Any thanks for the reply, any ideas are welcome.

Well IMHO that would be a complete revamp of the HTML5 model which I am not sure could happen in the short medium term even if you manage to convince all the involved actors.

Note that in the case of Wolvic we're already doing something similar to what you propose. Wolvic is really an app that uses a fairly simple and small 3D scenegraph library to render a 3D world in which we embed a traditional 2D browser which is capable of doing WebXR.

I totally agree, revamping the HTML5 is off the table.
It's a bit of chicken/egg issue.
You are basically describing Wolvic as a hypermedia browser which uses chromium/gecko to render HTML5 media (which phones home to the app via WebXR).

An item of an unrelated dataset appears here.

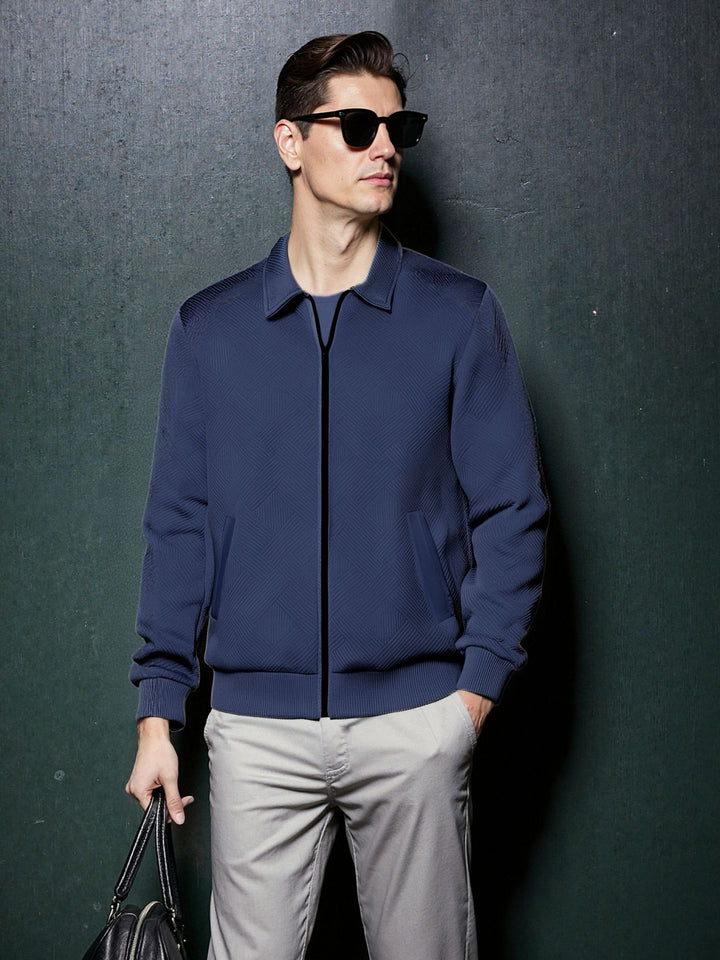 Herren sportliche Jacke mit strukturiertem Design und modernem Kragen Echoarchiv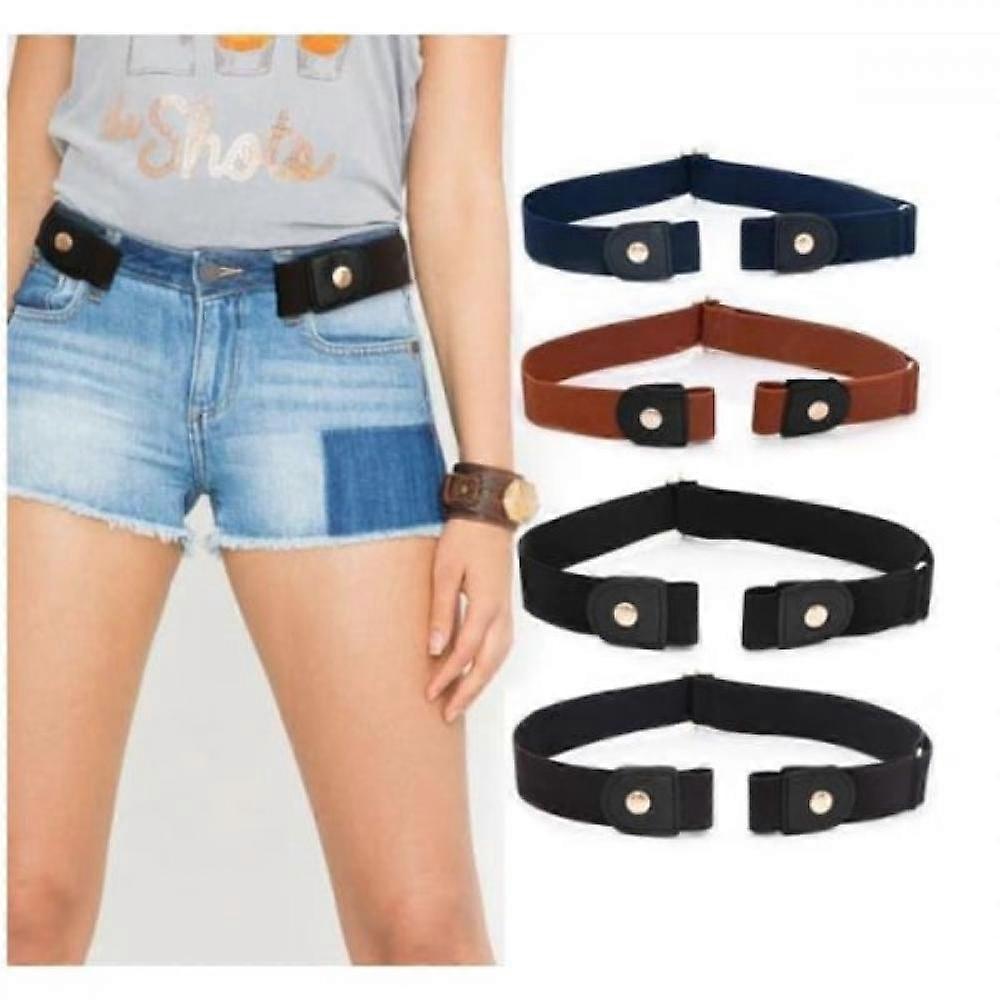 4-Pack Relaxation Belts - Buckleless Belts - Elastic - Adjustable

Some weeks ago, I've published a basic Godot Template to create 'XR hypermedia browsers' (with support for XR fragment URI's included), so technically I can publish an XR browser 'app' too (perhaps embed a HTML rendering engine too at some point):

https://xrfragment.org/#%F0%9F%A7%B0%20GODOT

Anyways, thanks for the brainstorm.
Let me know in case you want to experiment beyond chromium/gecko's hypertext-lens, and allow native viewing of 3D model URLs too (usecases: set home-environment to https://wolvic.org/home.glb#pos=scene2, surf to https://svillar.homepage.net/testenvironment.glb#pos=attic e.g.)
I'd be happy to chime in.

Anyways, thanks for the brainstorm.
Let me know in case you want to experiment beyond chromium/gecko's hypertext-lens, and allow native viewing of 3D model URLs too (usecases: set home-environment to https://wolvic.org/home.glb, surf to https://svillar.homepage.net/testenvironment.glb e.g.)
I'd be happy to chime in.

That sounds like exciting. Right now we have way too many things over the table, but we should seriously consider that for the future. Thanks for the comments!